Richard Shotton: Yeah, it is one of the more bizarre studies and I think some of his later work was criticized, but there's, I think it's a [00:41:00] French psychology, is it ga? And he comes up with this idea of the, but you are free principle, so as many psychologists seem to do, he runs an experiment about begging and he goes up to some people at a bus stop in France and says, can I have.

20 cents or 50 cents and gets a mediocre response. Other times he says, can I have 20 cents? But you're free to accept or refuse now. You could argue rationally that extra few words of, but you are free is irrelevant. Of course I'm free to turn a beggar away. But what he found is just by emphasizing people's ability to say no, it actually made them paradoxically more likely to be charitable and give money.

And I think it's something that. Again, going back to our point of we have this wrong model of human behavior. We often ignore some of these proven principles. So yeah, [00:42:00] emphasizing freedom, I think is a brilliant point. 

Bri Williams: Richard, as a listener to this podcast myself, I just admire so much your ability to remember all the studies and bring them there.

Bring them to the table.

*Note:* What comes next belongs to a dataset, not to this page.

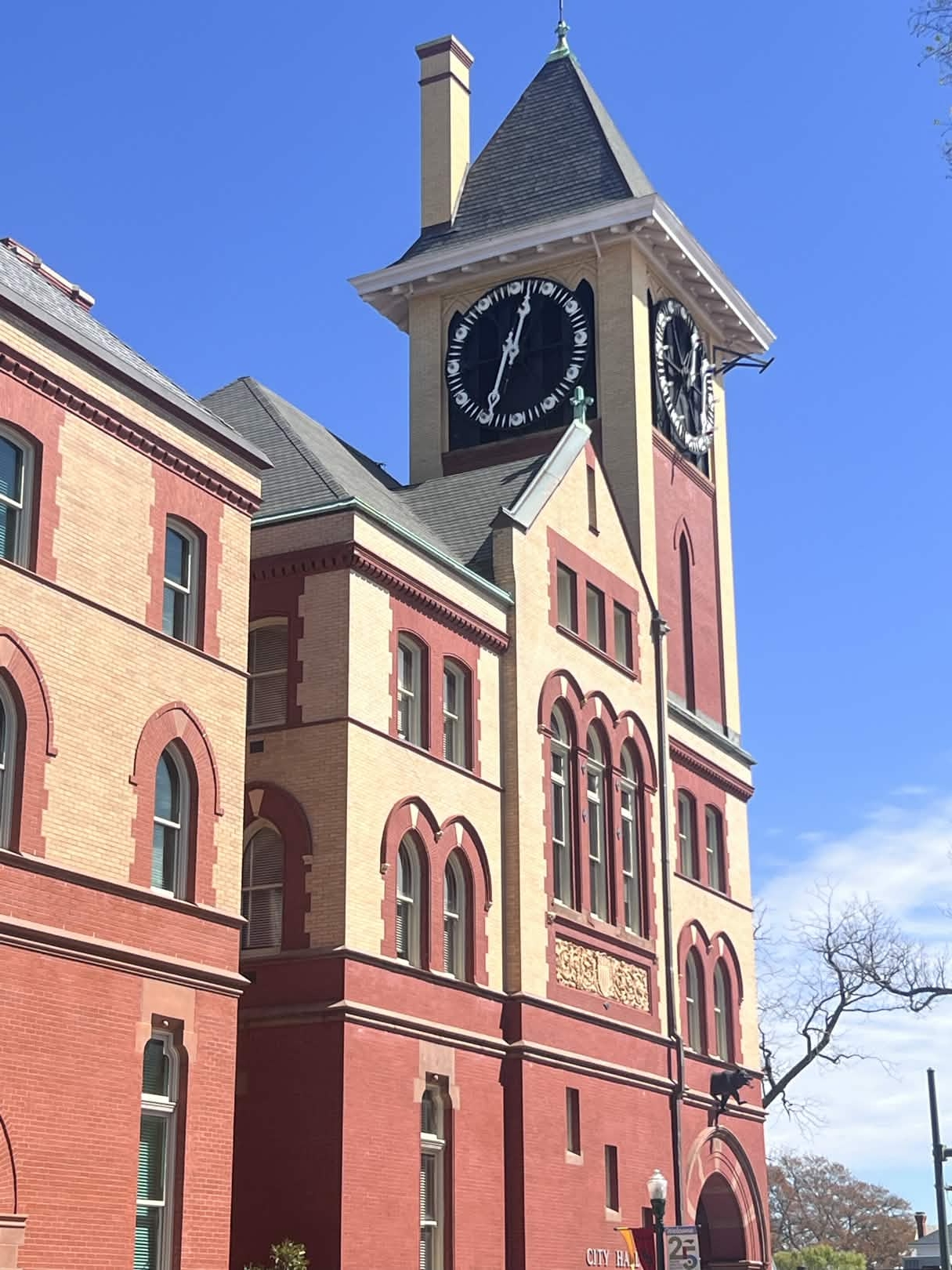Clock tower with a large clock face, part of a historic building, against a blue sky with a tree nearby.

I, 

Richard Shotton: That wasn't the best 

Bri Williams: example 

Richard Shotton: because I'm a bit vague pronou out guys. I can't remember any results, but yeah. Okay. Thank you. 

Bri Williams: No, I really appreciate it. It brings another dimension to. To the conversations, which I appreciate as a listener, that's for sure. 

Richard Shotton: Oh, that's very kind.

It's very kind. Let me return the favor. I love Zoro technique, but I think even better was this argument you make around a technique called Army your advocate. Could you explain what that is and how listeners could. 

Bri Williams: Arming your advocate came about because I was talking to a friend who was in sales and she was lamenting the fact that her champion at her client had left [00:43:00] and so she was then bereft.

'cause all of this relationship had gone out of the window and it got me thinking about the role. Advocates when you are not in the room. So when your work can't, you, when you are not there to talk for your work. How are you helping your advocates do that within the organization? Because it's critical.

'cause you ultimately, you hand over your, whether it's a presentation or a proposal or a piece of work, and often this stuff ends up in a drawer somewhere because it's too hard for your advocate to take it forward. I was starting to reflect on the difference between when we are making a decision for ourselves versus when we are making a decision that we then have to justify to others.

And I, I call it I or we or me versus we decisions. And this is particularly in a business to business context. So if I, as the customer am listening to a pitch. [00:44:00] I'm gonna have, first and foremost my me concern. So how is it going to help my career? For instance, what does this work do for me? Does it change my workload and what have you?

So I'm going to make a decision on the basis of my emotional reaction to whatever I'm being pitched. If then I have to take that artifact and then sell it up the line so I talk to my boss or my colleagues about it. My brain is going to shift from me concerns. 'cause it's not right to me to go to my colleague and say, Hey, this project is gonna make me look really good and make me really promotable.

So let's get on board. That's not gonna wash. Our brains then flip to we concerns. So how is the business going to benefit now as someone pitching for the business? We have then a twofold issue. We have to get the individual advocate over the line by [00:45:00] talking about how it's gonna benefit them or usually infer it more so this is gonna be this will make you look good in your career. But then arm them with enough, and it's gonna be more fact based than emotional based, but fact-based language and case studies or what have you, so that they can then sell it to others when you are not in the room. And this was I guess sparked by some research, I think from Huber and Huber and c so it's around 2001.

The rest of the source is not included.